Scouting soybeans and taking stand counts can help you sleep better at night, knowing you have enough soybeans emerged per acre to reach your yield goal. There are other reasons for examining and evaluating stand emergence, too.
“If you pick up patterns in emergence, you stand a better chance of tracking the cause when plants are small and you can observe the seed trench,” says Steve Gauck, a regional manager for Beck’s, based near Greensburg, Ind. Once soybeans get bigger, it may be harder to see a pattern, and it may be tougher to track down the cause if you can still identify a pattern.
“If you find it early, you may be able to decide if it could have been a planter issue,” Gauck says. “If so, you can go back to the planter and determine if it’s likely your hunch is right. If it is right, you can decide how you want to make changes before next season, so you don’t encounter the same issues again.”
Beck’s sponsors Soybean Watch ’22. Once soybeans are planted in this year’s Soybean Watch field, Gauck will visit multiple times, starting with emergence. He will look for all kinds of potential issues, including possible problems with emergence.
Example of poor emergence
Here’s an example from the Soybean Watch ’21 field: Visiting when soybeans were at the V3 to V4 stage, Gauck noticed some rows were taller and already more advanced than other rows. Soon, he picked up a pattern. The field was no-tilled into cornstalks. Rows most behind in growth tended to be those planted over an old corn row. In some of those rows, the stand was also thinner than in rows not planted over an old row.

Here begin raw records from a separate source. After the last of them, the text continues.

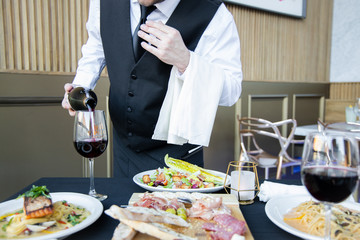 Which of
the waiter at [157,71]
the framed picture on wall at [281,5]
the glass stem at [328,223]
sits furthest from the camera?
the framed picture on wall at [281,5]

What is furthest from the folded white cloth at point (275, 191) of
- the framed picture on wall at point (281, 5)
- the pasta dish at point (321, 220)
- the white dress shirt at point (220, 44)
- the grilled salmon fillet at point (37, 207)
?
the framed picture on wall at point (281, 5)

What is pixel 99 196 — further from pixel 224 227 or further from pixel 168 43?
pixel 168 43

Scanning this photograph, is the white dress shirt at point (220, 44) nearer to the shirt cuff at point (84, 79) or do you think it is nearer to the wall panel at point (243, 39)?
the shirt cuff at point (84, 79)

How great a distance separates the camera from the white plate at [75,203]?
63 centimetres

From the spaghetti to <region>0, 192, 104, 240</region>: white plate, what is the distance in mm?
27

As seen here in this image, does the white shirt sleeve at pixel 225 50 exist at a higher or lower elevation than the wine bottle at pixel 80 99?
higher

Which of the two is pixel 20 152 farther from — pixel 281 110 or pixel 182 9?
pixel 281 110

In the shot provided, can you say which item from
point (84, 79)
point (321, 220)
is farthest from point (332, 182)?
point (84, 79)

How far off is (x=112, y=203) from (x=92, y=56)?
3.20 ft

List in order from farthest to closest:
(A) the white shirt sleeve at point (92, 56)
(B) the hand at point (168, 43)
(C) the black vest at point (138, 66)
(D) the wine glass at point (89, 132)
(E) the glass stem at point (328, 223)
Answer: (A) the white shirt sleeve at point (92, 56), (C) the black vest at point (138, 66), (B) the hand at point (168, 43), (D) the wine glass at point (89, 132), (E) the glass stem at point (328, 223)

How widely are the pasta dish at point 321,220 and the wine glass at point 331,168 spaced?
0.12m

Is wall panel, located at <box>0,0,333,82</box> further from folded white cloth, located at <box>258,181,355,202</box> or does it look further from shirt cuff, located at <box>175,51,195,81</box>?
folded white cloth, located at <box>258,181,355,202</box>

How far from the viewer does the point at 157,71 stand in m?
1.38

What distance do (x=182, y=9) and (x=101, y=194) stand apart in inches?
35.6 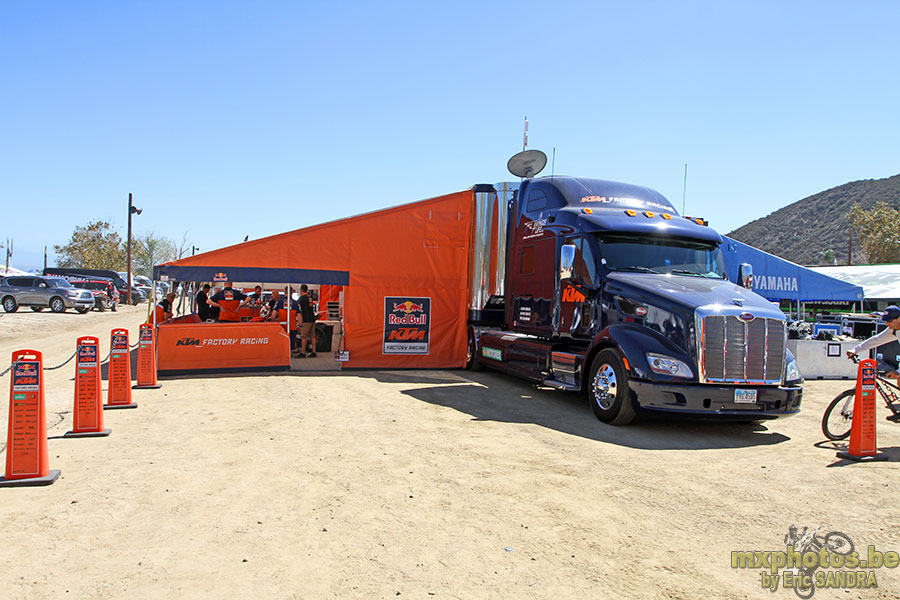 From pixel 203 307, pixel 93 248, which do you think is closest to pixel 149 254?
pixel 93 248

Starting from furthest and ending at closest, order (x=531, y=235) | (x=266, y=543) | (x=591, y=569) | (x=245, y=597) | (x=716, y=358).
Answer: (x=531, y=235) → (x=716, y=358) → (x=266, y=543) → (x=591, y=569) → (x=245, y=597)

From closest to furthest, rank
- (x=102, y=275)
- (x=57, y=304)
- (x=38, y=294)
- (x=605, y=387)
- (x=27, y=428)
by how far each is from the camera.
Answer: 1. (x=27, y=428)
2. (x=605, y=387)
3. (x=38, y=294)
4. (x=57, y=304)
5. (x=102, y=275)

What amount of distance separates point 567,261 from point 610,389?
80.7 inches

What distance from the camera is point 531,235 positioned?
11406 mm

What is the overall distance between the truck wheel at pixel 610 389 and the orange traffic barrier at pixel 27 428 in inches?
244

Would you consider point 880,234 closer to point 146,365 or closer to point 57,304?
point 146,365

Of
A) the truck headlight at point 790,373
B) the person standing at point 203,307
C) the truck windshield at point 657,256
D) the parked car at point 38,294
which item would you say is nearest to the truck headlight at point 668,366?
the truck headlight at point 790,373

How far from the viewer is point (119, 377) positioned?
8.96 metres

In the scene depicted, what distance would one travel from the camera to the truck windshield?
9.33 m

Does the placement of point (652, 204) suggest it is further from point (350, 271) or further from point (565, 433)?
point (350, 271)

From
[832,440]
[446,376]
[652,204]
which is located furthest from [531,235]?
[832,440]

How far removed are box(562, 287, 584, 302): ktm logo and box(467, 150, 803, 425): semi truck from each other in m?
0.02

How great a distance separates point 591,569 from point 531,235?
801 centimetres

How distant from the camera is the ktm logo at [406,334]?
46.3 feet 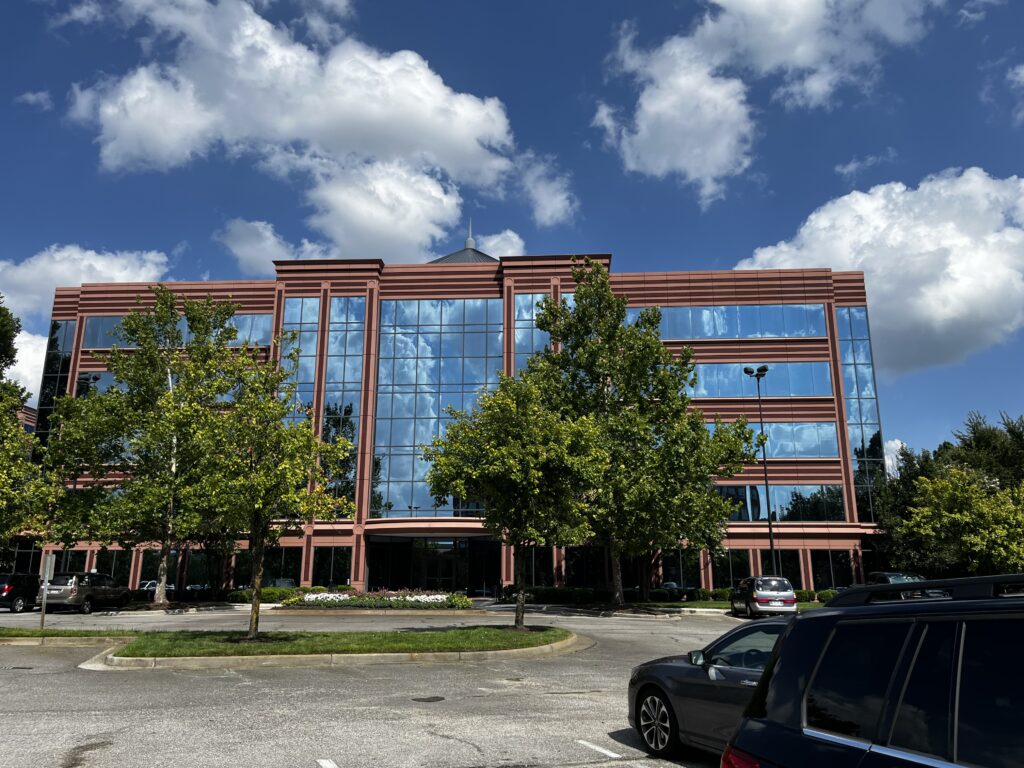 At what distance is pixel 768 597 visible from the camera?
27578mm

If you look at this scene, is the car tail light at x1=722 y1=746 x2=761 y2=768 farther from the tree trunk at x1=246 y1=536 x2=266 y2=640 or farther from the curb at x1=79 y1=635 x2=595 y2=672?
the tree trunk at x1=246 y1=536 x2=266 y2=640

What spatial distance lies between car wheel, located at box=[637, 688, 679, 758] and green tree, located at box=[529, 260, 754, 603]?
20.2 m

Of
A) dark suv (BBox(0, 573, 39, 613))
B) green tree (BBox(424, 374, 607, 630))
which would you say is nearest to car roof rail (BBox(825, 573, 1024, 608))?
green tree (BBox(424, 374, 607, 630))

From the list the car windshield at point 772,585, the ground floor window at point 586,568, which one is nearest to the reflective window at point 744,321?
the ground floor window at point 586,568

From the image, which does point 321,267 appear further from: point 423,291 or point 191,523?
point 191,523

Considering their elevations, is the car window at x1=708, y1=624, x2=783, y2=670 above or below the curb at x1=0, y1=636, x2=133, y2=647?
above

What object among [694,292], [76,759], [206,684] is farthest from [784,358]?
[76,759]

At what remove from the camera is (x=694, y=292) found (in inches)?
1807

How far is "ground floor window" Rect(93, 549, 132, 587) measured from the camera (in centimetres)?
4312

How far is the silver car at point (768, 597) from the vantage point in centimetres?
2739

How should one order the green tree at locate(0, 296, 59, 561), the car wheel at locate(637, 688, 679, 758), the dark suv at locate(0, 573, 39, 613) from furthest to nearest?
the dark suv at locate(0, 573, 39, 613) → the green tree at locate(0, 296, 59, 561) → the car wheel at locate(637, 688, 679, 758)

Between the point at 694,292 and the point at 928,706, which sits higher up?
the point at 694,292

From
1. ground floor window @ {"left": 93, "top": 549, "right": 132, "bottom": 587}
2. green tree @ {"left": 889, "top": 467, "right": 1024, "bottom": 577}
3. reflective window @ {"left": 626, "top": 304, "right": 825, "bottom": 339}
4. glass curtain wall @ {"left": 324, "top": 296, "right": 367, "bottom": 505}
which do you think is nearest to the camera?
green tree @ {"left": 889, "top": 467, "right": 1024, "bottom": 577}

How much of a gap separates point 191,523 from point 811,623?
26851mm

“We could still dig up a few of those plants,” he explains. “Some of the plants from rows planted over old corn rows had obviously struggled emerging. There was a lot more residue in those rows.”
Gauck speculated at what likely happened. “When a row wound up over an old row for a considerable distance, there appeared to have been more hairpinning. That means old residue was pushed into the seed slot. When that happens, the slot may not close completely, and the soybean seed could wind up in contact with more residue than soil. It could delay emergence or result in germination failure.”
One possibility was that disc openers were worn enough to reduce effectiveness in cutting through residue, he surmised. It was apparently only problematic when the new row wound up over old corn rows, where corn residue was heaviest and toughest.
“That’s an easy fix for next season,” he says. “Go check wear on disc openers. It’s a good idea to check disc openers for wear before each season anyway. Typically, if they’re down to under 14½ inches in diameter, you ought to think about replacing them.”
In this case, the other solution would be planting soybeans on a stronger angle across the field, so that new soybean rows don’t wind up over old corn rows for a significant distance.
“This situation was a good reminder that it’s good to check performance while you’re planting,” Gauck says. “If seed isn’t getting placed as deep in some rows as in others, for whatever reason, make adjustments.”